Pictures in the records below must be left out. Return exactly the lines from the line with "Next Wide leg Pants in Beige" to the line with "Платья 2 шт. Desigual", both included.

DATA IN THIS EXERCISE
"""
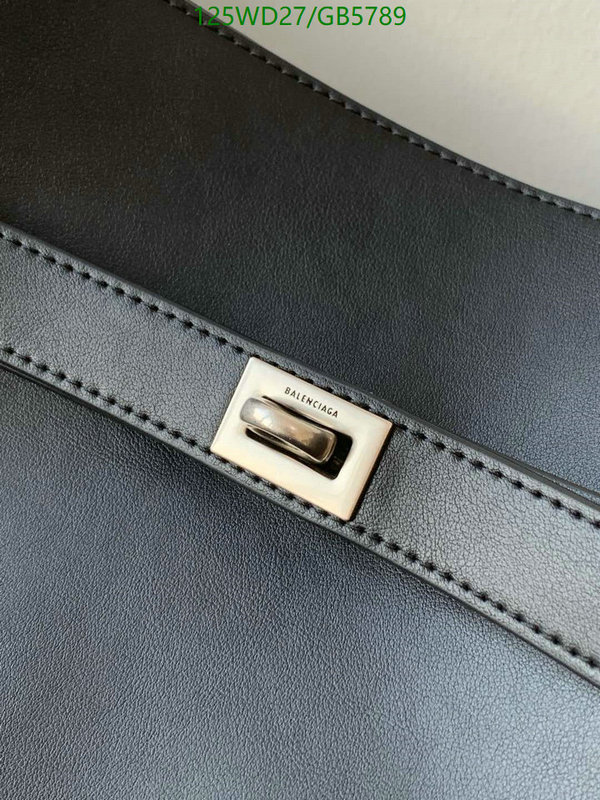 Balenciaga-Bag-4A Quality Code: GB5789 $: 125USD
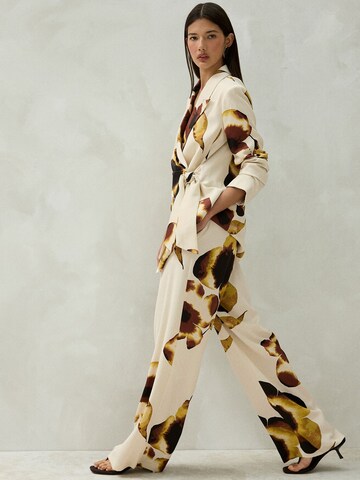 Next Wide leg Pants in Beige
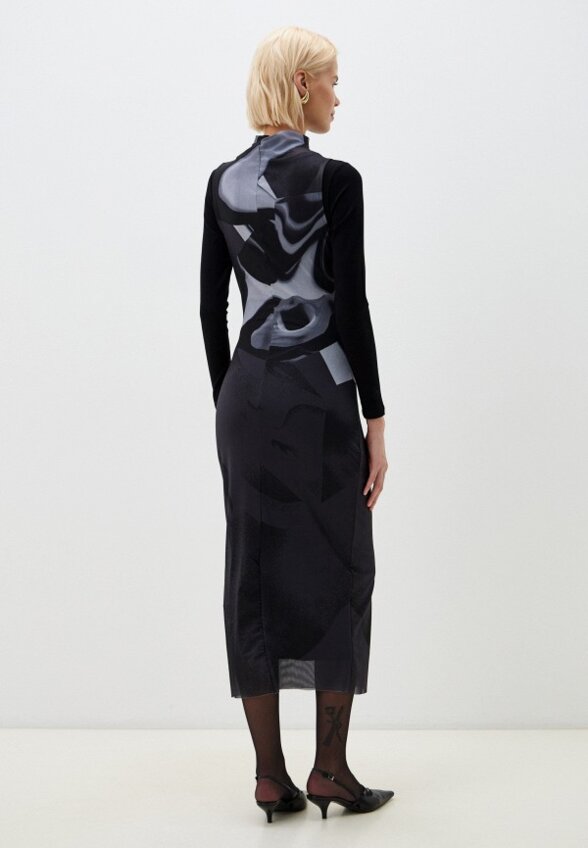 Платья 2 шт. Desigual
"""
"""
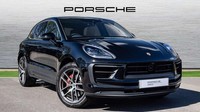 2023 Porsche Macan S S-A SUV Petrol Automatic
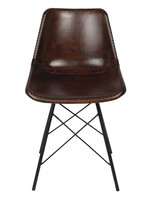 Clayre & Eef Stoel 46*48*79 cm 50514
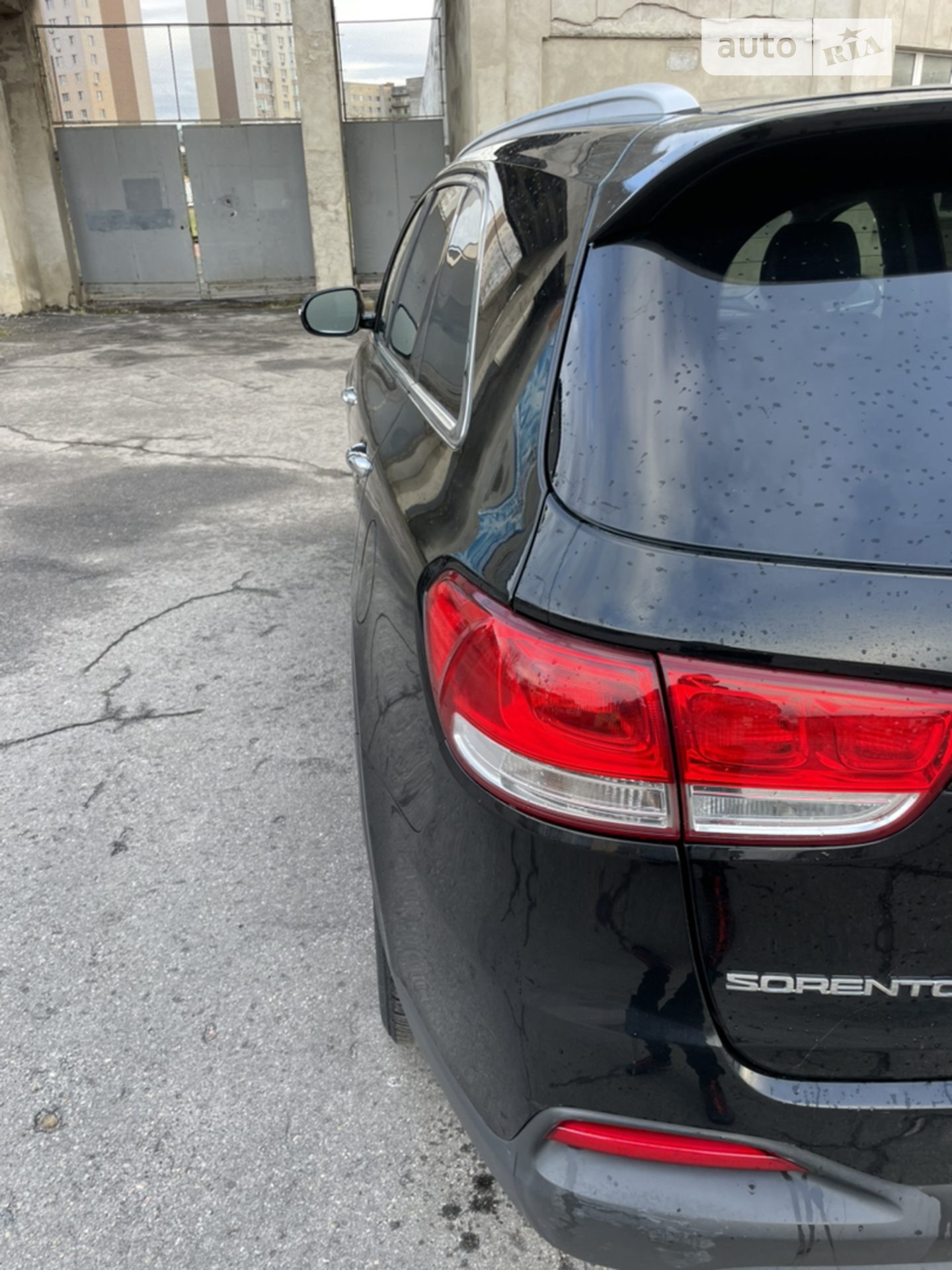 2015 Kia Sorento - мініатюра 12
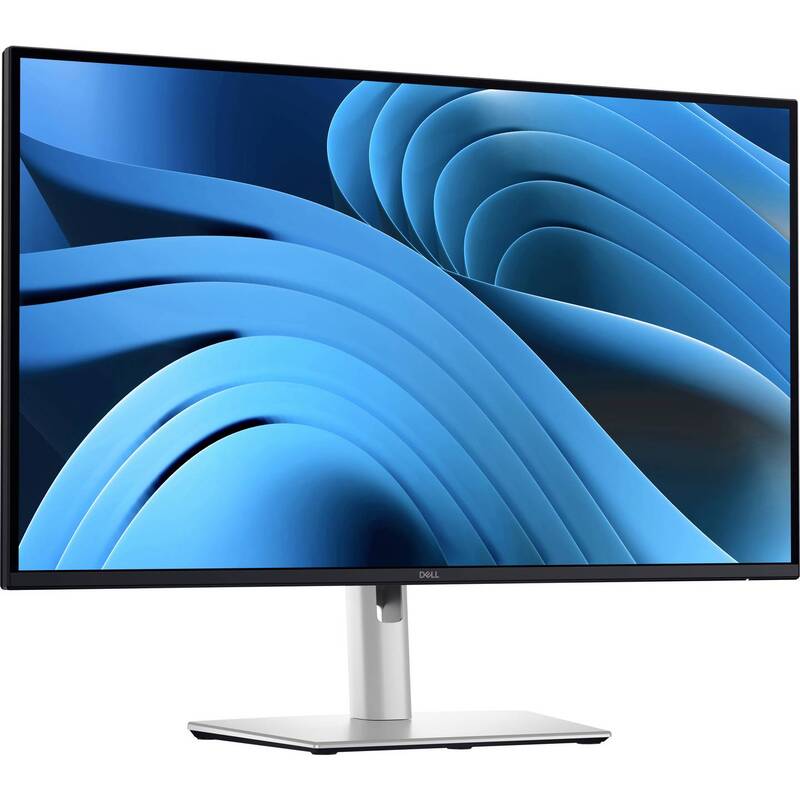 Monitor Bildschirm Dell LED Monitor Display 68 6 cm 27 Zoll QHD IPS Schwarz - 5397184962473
"""
ANSWER FOR THE TASK
 Next Wide leg Pants in Beige
 Платья 2 шт. Desigual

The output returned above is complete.